The report predicts Fed rate cuts in June 2024, a probable US soft landing, corporate earnings recovery, and robust growth in Asia, to improve global risk appetite and investment outlook of equity and bond markets in 2024.
HSBC Global Private Banking sees two positive drivers supporting global financial markets. Firstly major Western central banks have done with rate hikes amid continued disinflation and the US economy is heading for a soft landing. These two positive developments should support the recovery of global risk appetite in 2024, the report said.
In the Indian stock market, HSBC recommends Indian banks, consumer discretionary and IT companies which benefit from the booming digital economy, consumer spending and service exports.
India has consistently delivered stronger-than-expected growth in manufacturing and service activities throughout 2023, with strong FDI inflows and booming services exports powering employment, private consumption, and productivity gains, says Cheo. Apart from India, in Asia, HSBC cited Indonesia with huge growth opportunities.

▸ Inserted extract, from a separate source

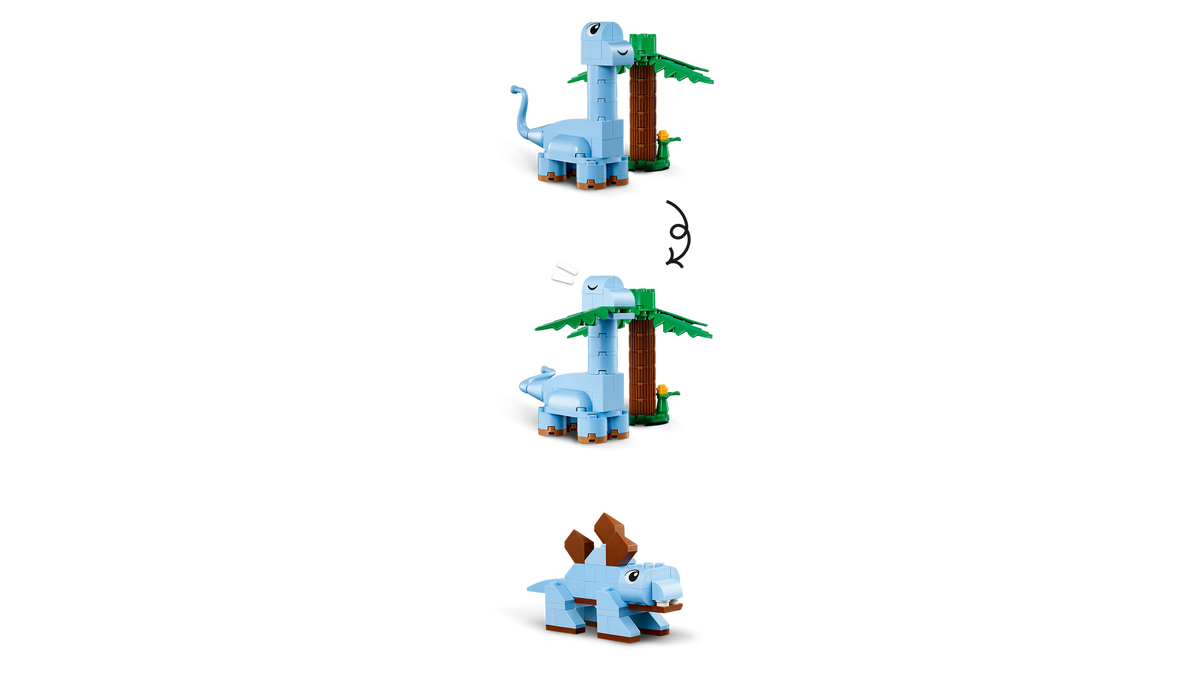 LEGO Classic Dinosaurios Creativos 11041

On the fixed income front, the report gave a bullish outlook on Indian local currency bonds. This positive assessment is based on favourable liquidity drivers from the global EM bond index inclusion, strong structural growth of the economy and likely rate cuts by the Reserve Bank of India in the second quarter of this year. HSBC report forecasts a stable Indian Rupee at 84.0 against the US Dollar by the end of 2024.